### ABOUT THIS TASK
Each line below must be transcribed exactly, and no picture may appear in the transcription.

### DATASET SECTION
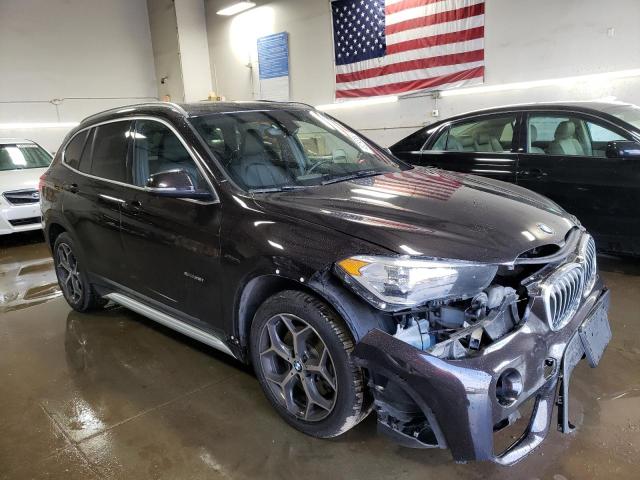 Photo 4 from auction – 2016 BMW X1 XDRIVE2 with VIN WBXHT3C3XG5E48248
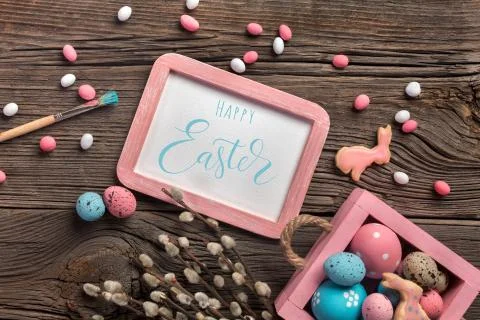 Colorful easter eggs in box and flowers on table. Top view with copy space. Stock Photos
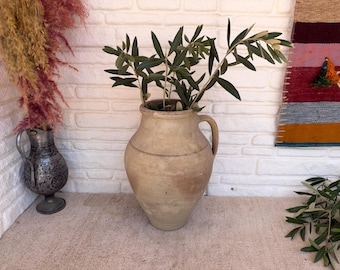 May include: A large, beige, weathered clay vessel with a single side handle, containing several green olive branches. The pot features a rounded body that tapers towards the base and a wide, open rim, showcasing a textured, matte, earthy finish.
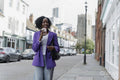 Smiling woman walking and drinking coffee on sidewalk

### RESPONSE AREA
 Photo 4 from auction – 2016 BMW X1 XDRIVE2 with VIN WBXHT3C3XG5E48248
 Colorful easter eggs in box and flowers on table. Top view with copy space. Stock Photos
 May include: A large, beige, weathered clay vessel with a single side handle, containing several green olive branches. The pot features a rounded body that tapers towards the base and a wide, open rim, showcasing a textured, matte, earthy finish.
 Smiling woman walking and drinking coffee on sidewalk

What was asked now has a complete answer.